Crimi frena la rivolta: "Chi ha votato No è fuori dal gruppo del M5s"
La lettera del capo politico inviata ieri sera al capogruppo del Senato Licheri. Bisogna evitare il liberi tutti anche alla Camera. Il sabotaggio di Casaleggio che invita i ribelli a votare contro
Cacciarli tutti, cacciarli subito. Questo, per Vito Crimi, l'imperativo categorico. L'emorragia è stata più ampia del previsto, e quindi è con più solerzia del solito che va tamponata. "Anche perché sennò, se passa il concetto del liberi tutti, domani alla Camera succede il pandemonio". Questo si dicevano ieri sera, in una riunione improvvisata al termine del voto nell'aula di Palazzo Madama, i vertici del M5s.

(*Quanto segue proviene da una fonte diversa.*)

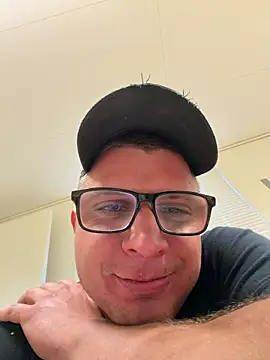 Snapshot of PolishBoy1995 chatting on 11-05-25, 01:47 PolishBoy1995 online show from 11-05-25, 01:47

Perché quindici No e otto assenze, di cui almeno quattro strumentali, sono una insubordinazione troppo consistente per essere ignorata. Anche perché tra i disertori ci sono anche due esponenti di spicco del Movimento come Barbara Lezzi e Nicola Morra. In tanti sono stati spinti all'estremo gesto, il No alla fiducia al governo di Mario Draghi, dalla presunta garanzia di impunità. E infatti Elio Lannutti, quello dei Savo di Sion, a un certo punto, di fronte all'ennesimo tentativo di moral suasion ("Elio, ripensaci, se voti No poi ti cacciano"), se la rideva con un'aria beffarda: "Ho parlato con Davide Casaleggio e mi ha rassicurato: nessuno mi caccerà". Ed ecco allora la rabbia di Crimi, che corre ai ripari.
Si chiude nel suo studio a tarda sera e nel giro di pochi minuti scrive le lettere da consegnare nelle mani del capogruppo Ettore Licheri. Passaggio formale necessario per avviare le procedure di espulsione dei 15 senatori che hanno votato No. Si vedrà se verranno cacciati anche dal M5s. Ma intanto vengono immediatamente esiliati dal gruppo grillino di Palazzo Madama. Costretti a riparare nel Misto, per ora, a cercar casa altrove. La procedura verrà ufficializzata a metà della mattinata di oggi. Giusto in tempo per evitare che nel frattempo alla Camera, dove va in scena il secondo voto di fiducia per Draghi e il suo esecutivo, l'impunità dei senatori diventi un incentivo alla ribellione generale.